Choline in livestock has a key role to play. In poultry birds, choline is known to prevent perosis and liver enlargement. In swine and shrimp, choline supports essential physiological functions, including cell membrane synthesis, lipid metabolism, and neurotransmitter production.
Function of choline in poultry
Broilers
1. Growth and Muscle Development: Choline supplementation enhances weight gain, improves feed conversion efficiency, and optimizes carcass characteristics, supporting faster and healthier growth.
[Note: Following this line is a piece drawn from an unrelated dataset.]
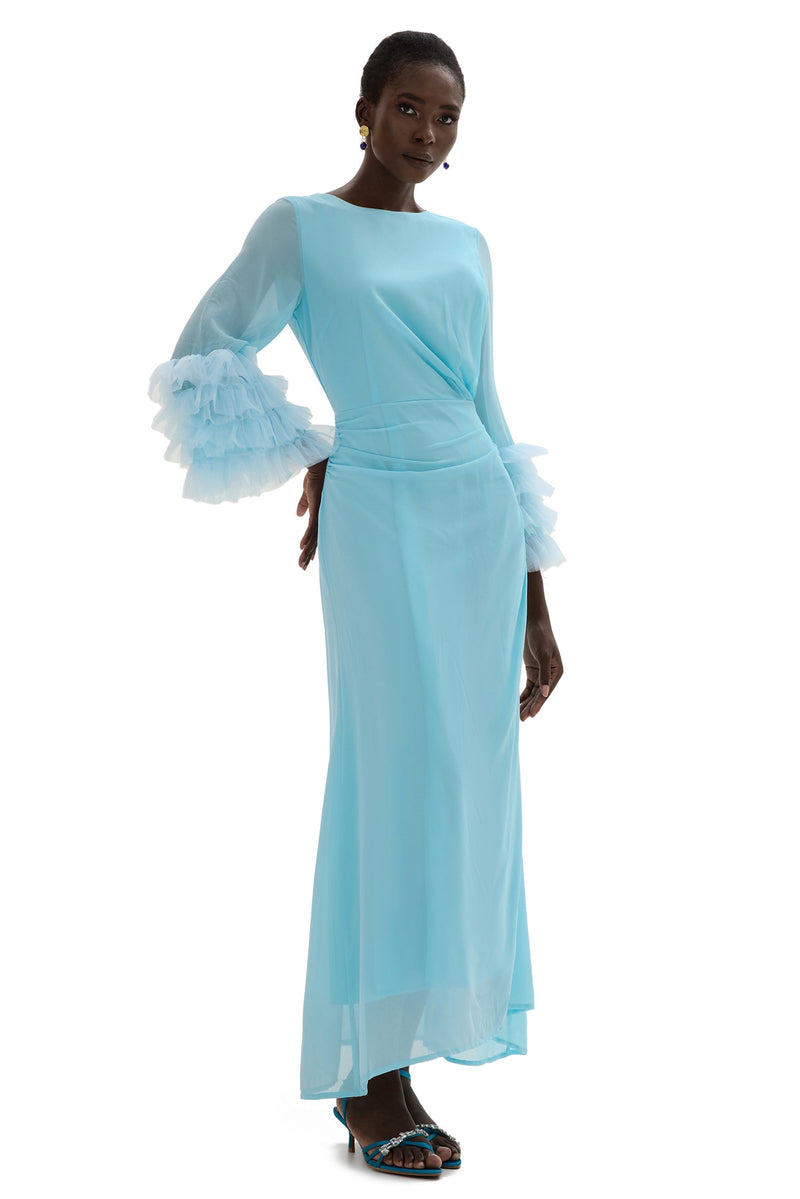 Around Neck Frill Long Sleeve Midi Dress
2. Fat Reduction: By reducing body and liver fat, choline contributes to better carcass quality and prevents hepatic steatosis (fatty liver).
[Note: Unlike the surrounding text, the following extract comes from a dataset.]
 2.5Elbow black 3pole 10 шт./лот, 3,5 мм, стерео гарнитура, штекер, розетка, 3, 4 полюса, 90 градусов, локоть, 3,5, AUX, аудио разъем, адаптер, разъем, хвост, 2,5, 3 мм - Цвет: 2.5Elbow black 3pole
3. Performance: Adequate choline intake supports optimal growth rates and production efficiency. Deficiency, on the other hand, results in poor growth, skeletal abnormalities, and reduced performance.
Layers
1. Egg Production and Quality: Choline supports yolk formation, eggshell strength, and egg production, leading to an increase in both the quantity and quality of eggs.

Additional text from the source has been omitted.